─── Given information ───

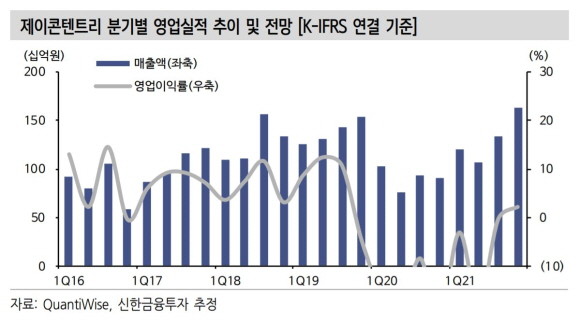 제이콘텐트리 분기별 영업실적 추이 및 전망. ⓒ신한금융투자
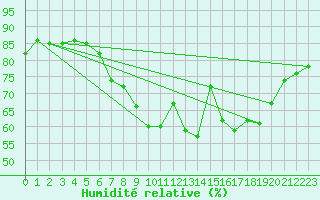 Courbe de l'humidit relative pour Roches Point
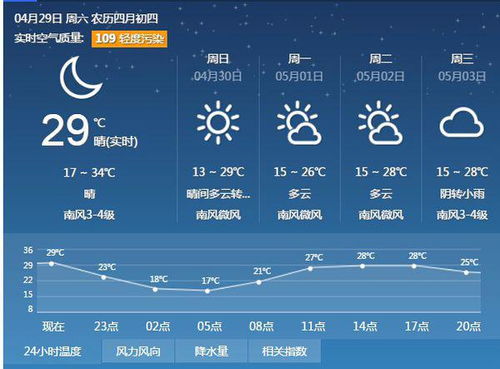 三十天天气预报查询（周口三十天天气预报查询）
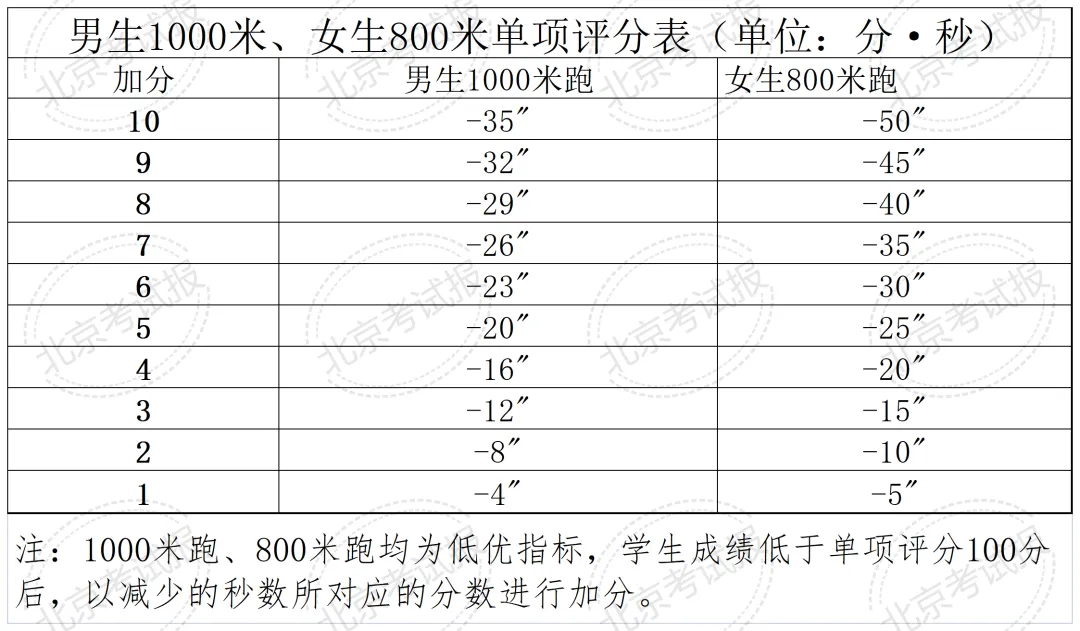 开学摸底开考,成绩纳入中考计分!北京 4/6/8 年级体育测试评分标准整理汇总-第17张图片-四季读书网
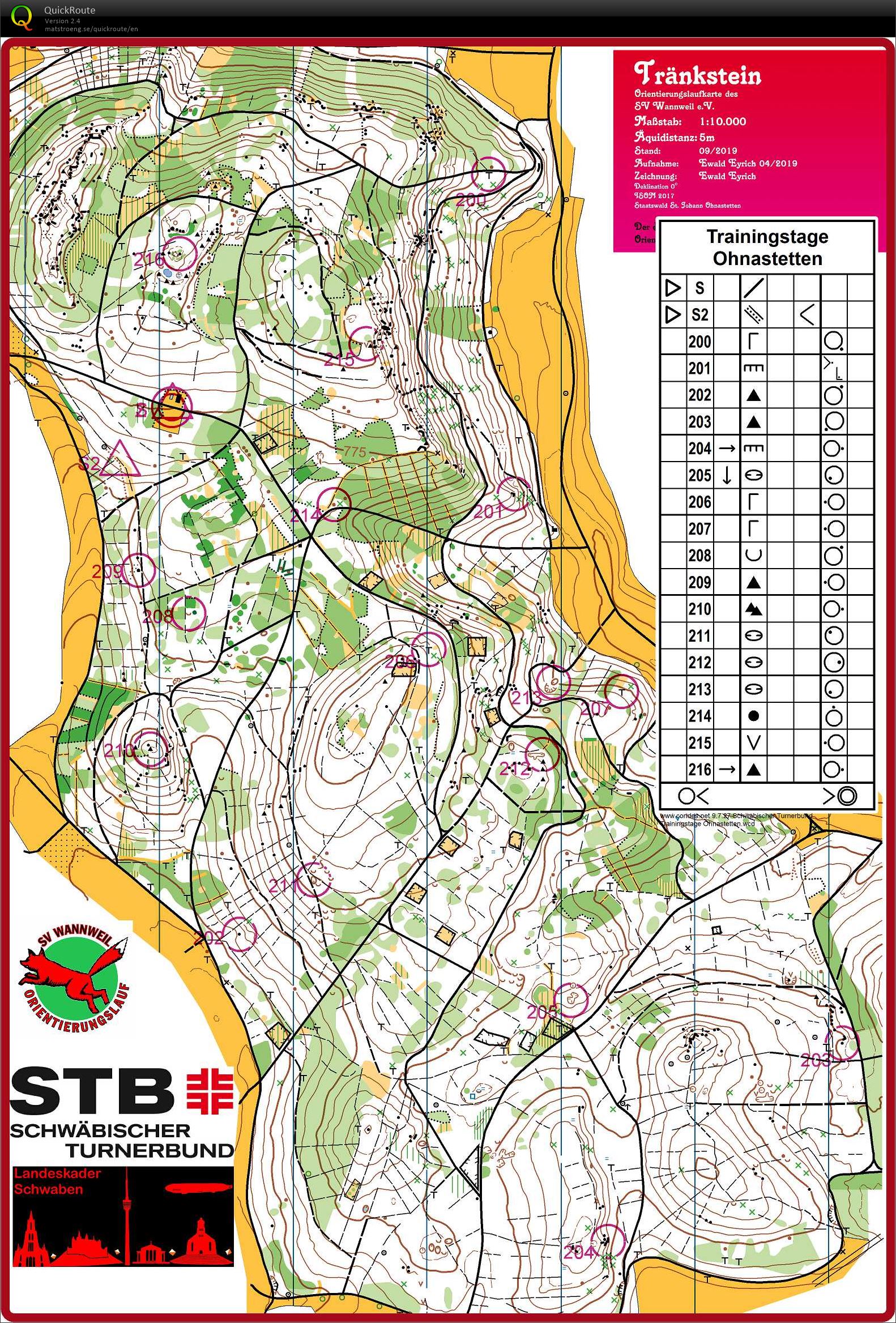 Training Tränkstein pick controls (2020-10-31)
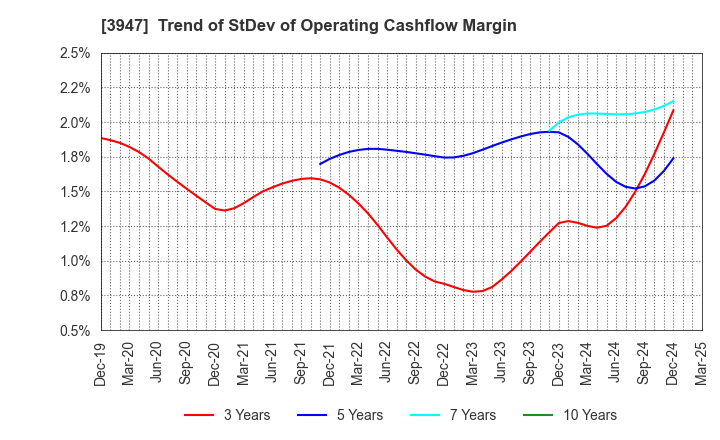 3947 Dynapac Co.,Ltd.: Trend of StDev of Operating Cashflow Margin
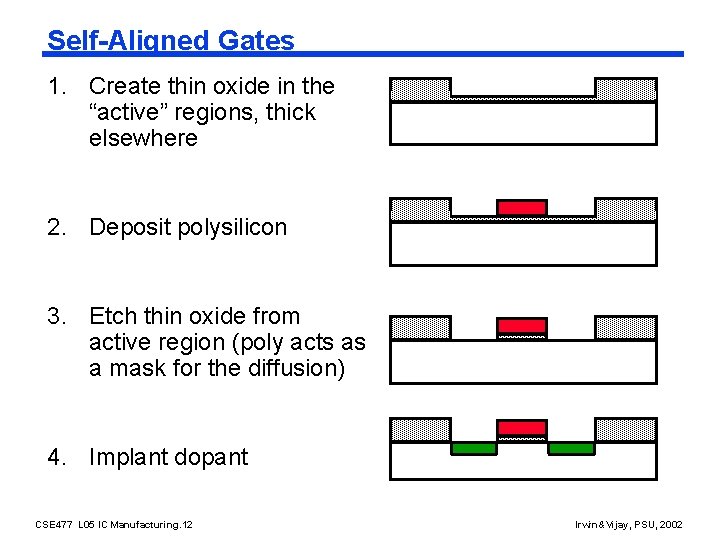 Self-Aligned Gates 1. Create thin oxide in the “active” regions, thick elsewhere 2. Deposit
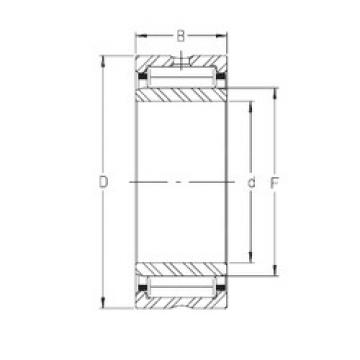 Bearing NKIS 9 INA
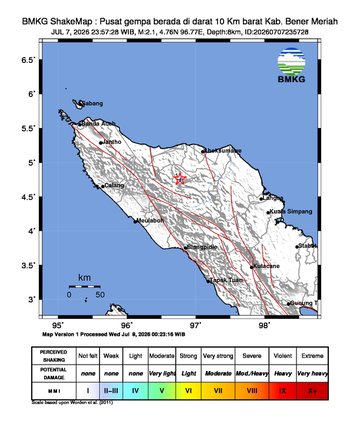 Gempa Bumi Terkini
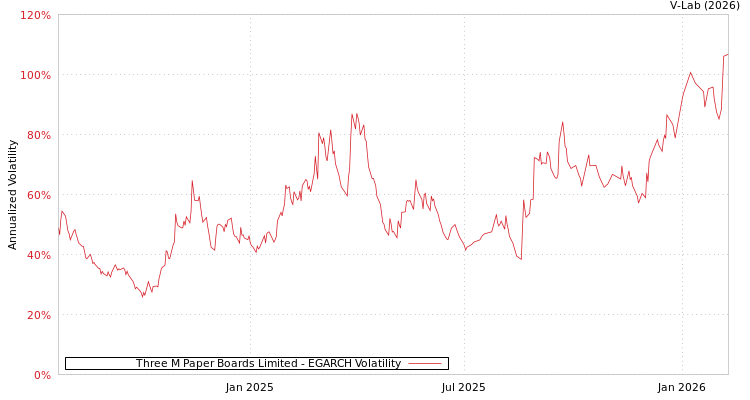 graph of Three M Paper Boards Limited EGARCH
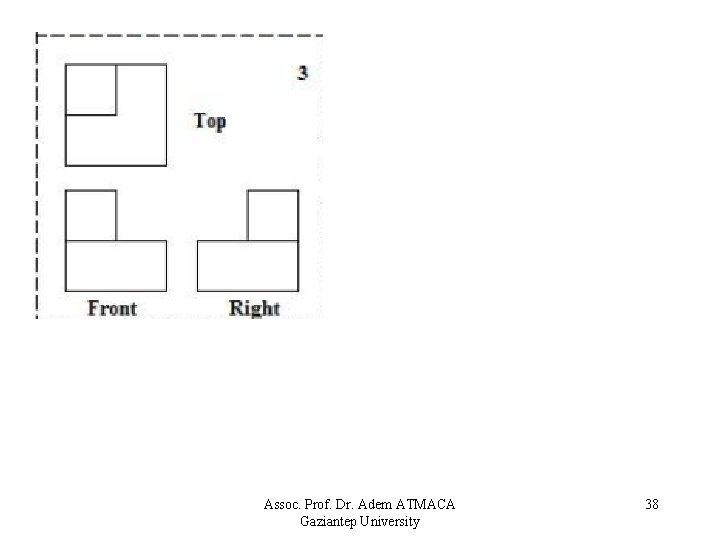 Assoc. Prof. Dr. Adem ATMACA Gaziantep University 38 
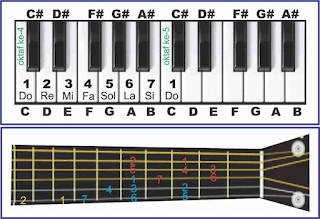 gambar tangga nada c major pada piano dan gitar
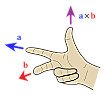 rotation? |  Right hand vs. Left hand rotation. Clockwise vs. Counter-clockwise.When dealing...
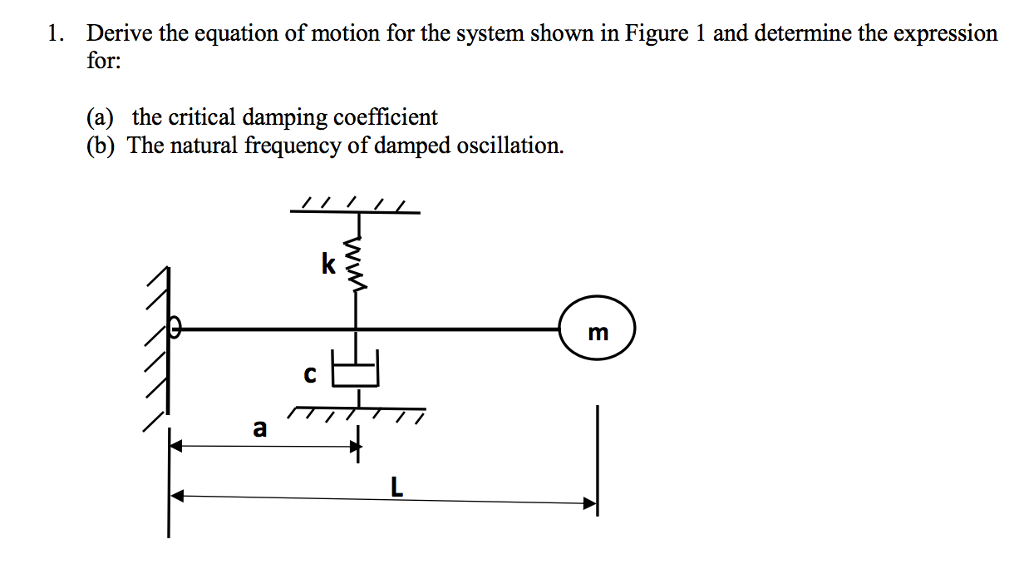 Solved Derive the equation of motion for the system shown in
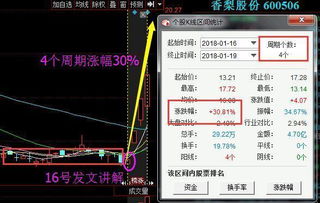 600506 香梨股份这只股票后市如何操作？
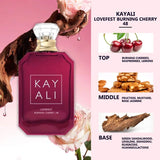 100ML KAYALI 48 Perfume Vanilla Candy Rock Sugar Eau de Parfum For Unisex Original Arabic Perfume Middle Eastern Brand Perfumes - Luxelstore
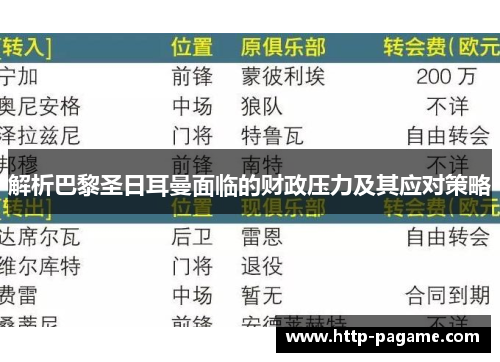 解析巴黎圣日耳曼面临的财政压力及其应对策略 解析巴黎圣日耳曼面临的财政压力及其应对策略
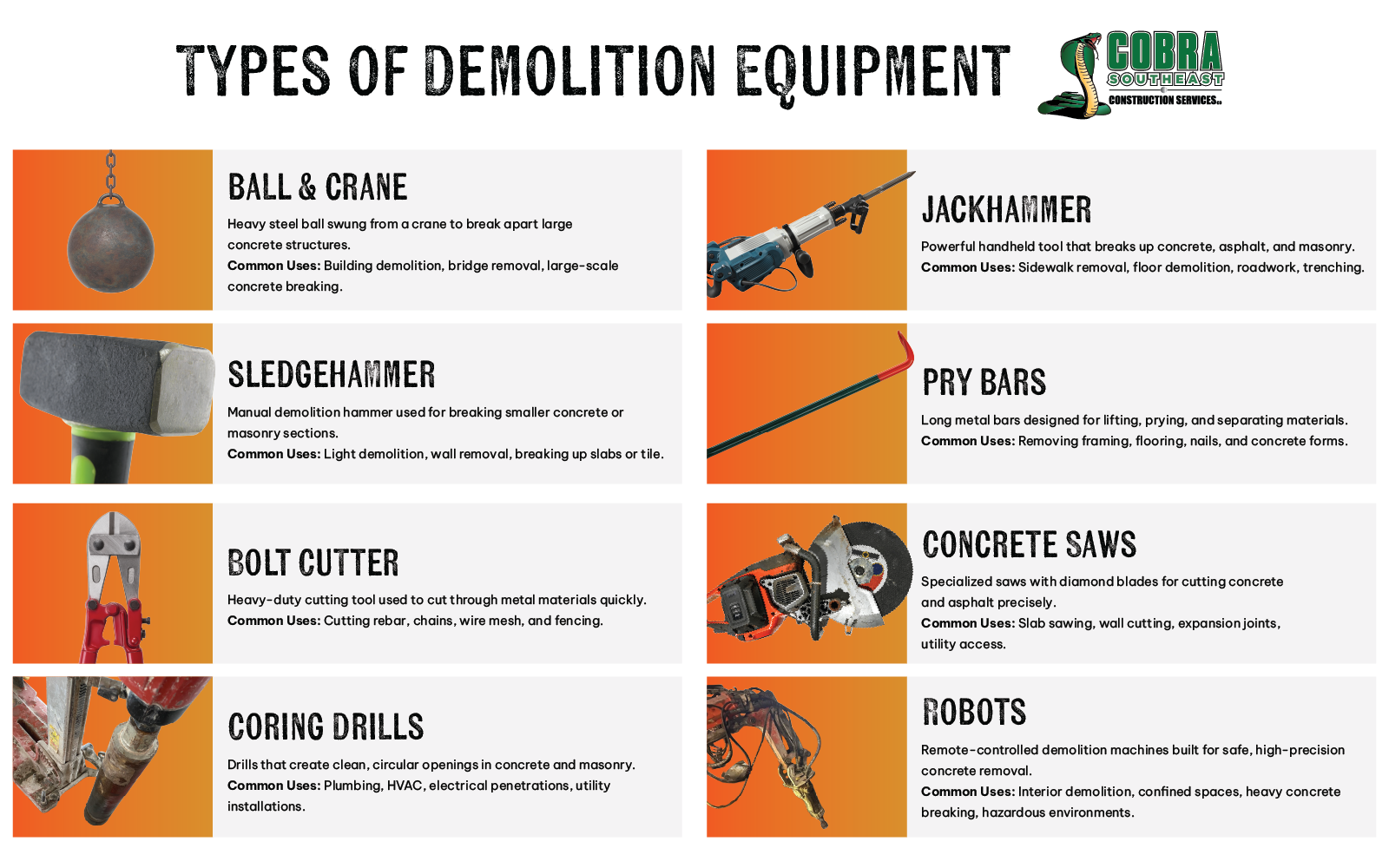 Infographic of demolition equipment types with labeled photos and orange-white sections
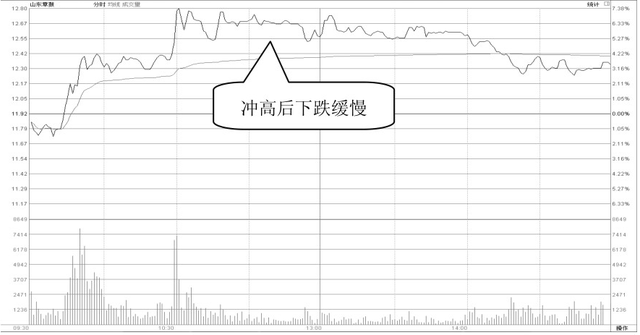 炒股赚1000万国家会不会查你，炒股赚了1000万要交多少税？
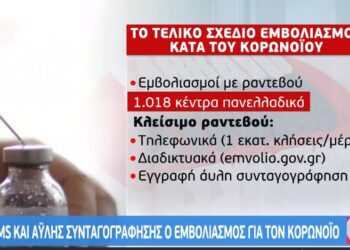 emvoliasmos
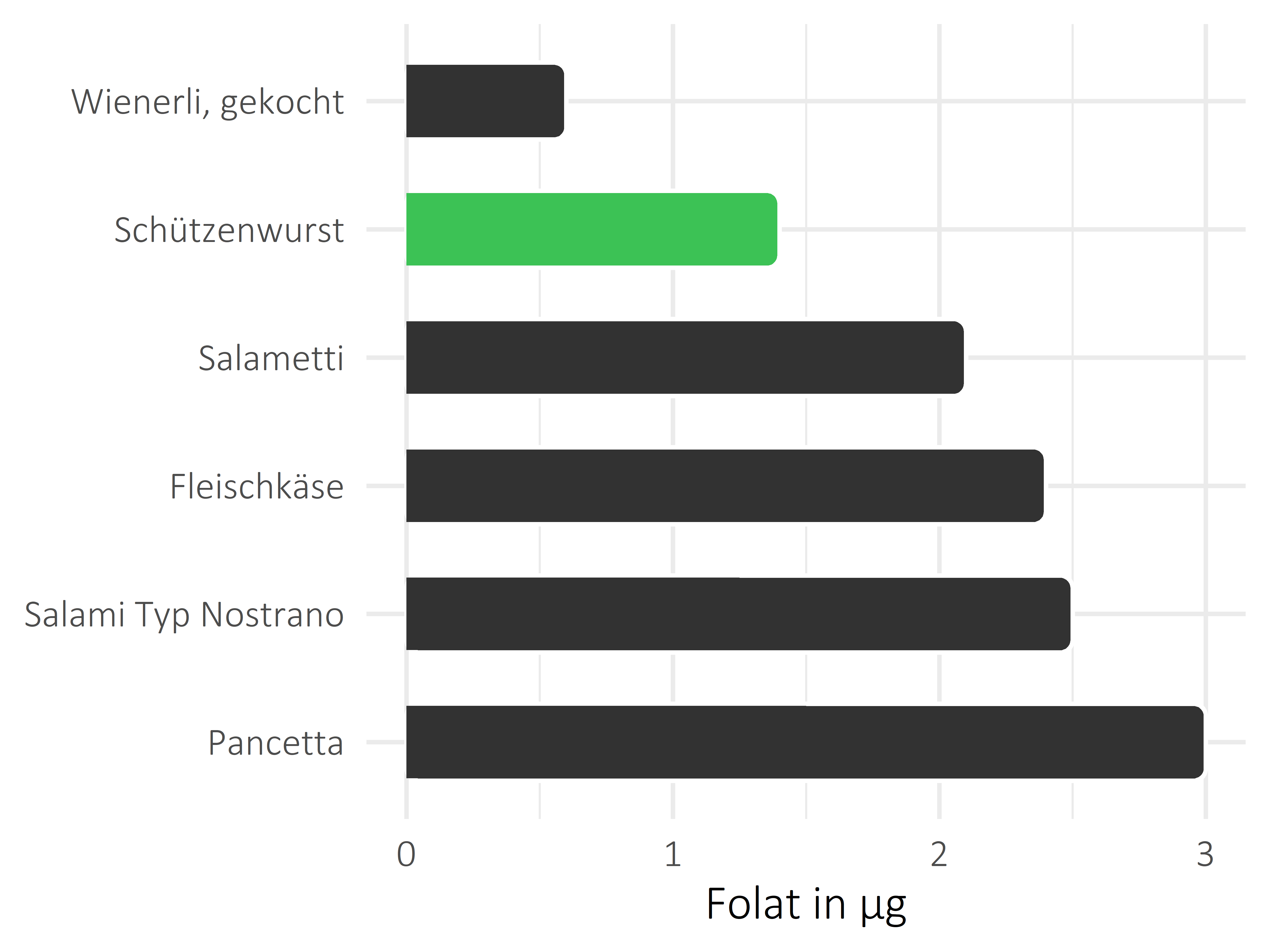 Fleisch- und Wurstwaren Folat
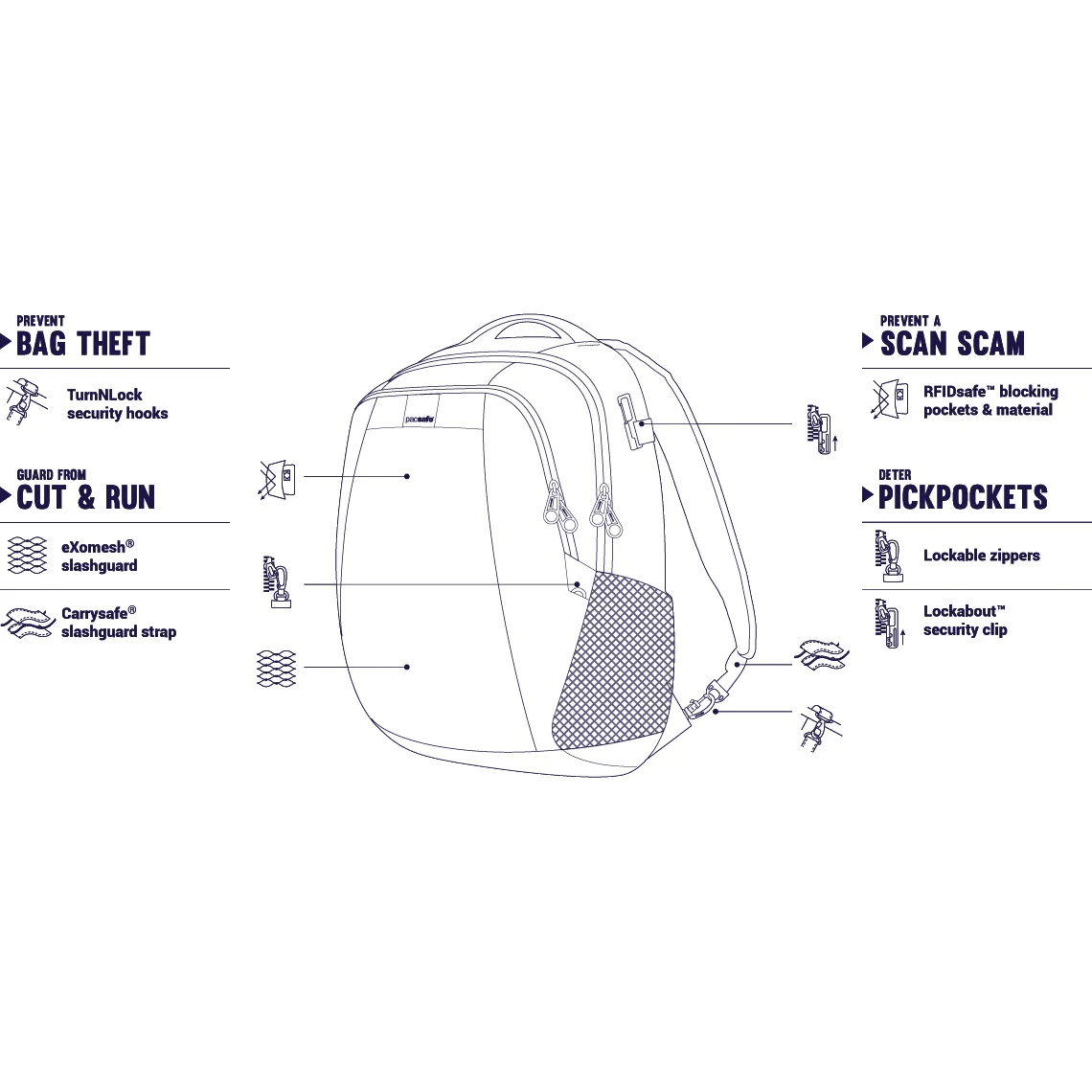 Pacsafe | Metrosafe | LS350 Anti-Theft 15L Backpack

───

Instructions for the task
Your task is to return the entries above exactly, with no pictures.

Response to the exercise
 제이콘텐트리 분기별 영업실적 추이 및 전망. ⓒ신한금융투자
 Courbe de l'humidit relative pour Roches Point
 三十天天气预报查询（周口三十天天气预报查询）
 开学摸底开考,成绩纳入中考计分!北京 4/6/8 年级体育测试评分标准整理汇总-第17张图片-四季读书网
 Training Tränkstein pick controls (2020-10-31)
 3947 Dynapac Co.,Ltd.: Trend of StDev of Operating Cashflow Margin
 Self-Aligned Gates 1. Create thin oxide in the “active” regions, thick elsewhere 2. Deposit
 Bearing NKIS 9 INA
 Gempa Bumi Terkini
 graph of Three M Paper Boards Limited EGARCH
 Assoc. Prof. Dr. Adem ATMACA Gaziantep University 38 
 gambar tangga nada c major pada piano dan gitar
 rotation? |  Right hand vs. Left hand rotation. Clockwise vs. Counter-clockwise.When dealing...
 Solved Derive the equation of motion for the system shown in
 600506 香梨股份这只股票后市如何操作？
 100ML KAYALI 48 Perfume Vanilla Candy Rock Sugar Eau de Parfum For Unisex Original Arabic Perfume Middle Eastern Brand Perfumes - Luxelstore
 解析巴黎圣日耳曼面临的财政压力及其应对策略 解析巴黎圣日耳曼面临的财政压力及其应对策略
 Infographic of demolition equipment types with labeled photos and orange-white sections
 炒股赚1000万国家会不会查你，炒股赚了1000万要交多少税？
 emvoliasmos
 Fleisch- und Wurstwaren Folat
 Pacsafe | Metrosafe | LS350 Anti-Theft 15L Backpack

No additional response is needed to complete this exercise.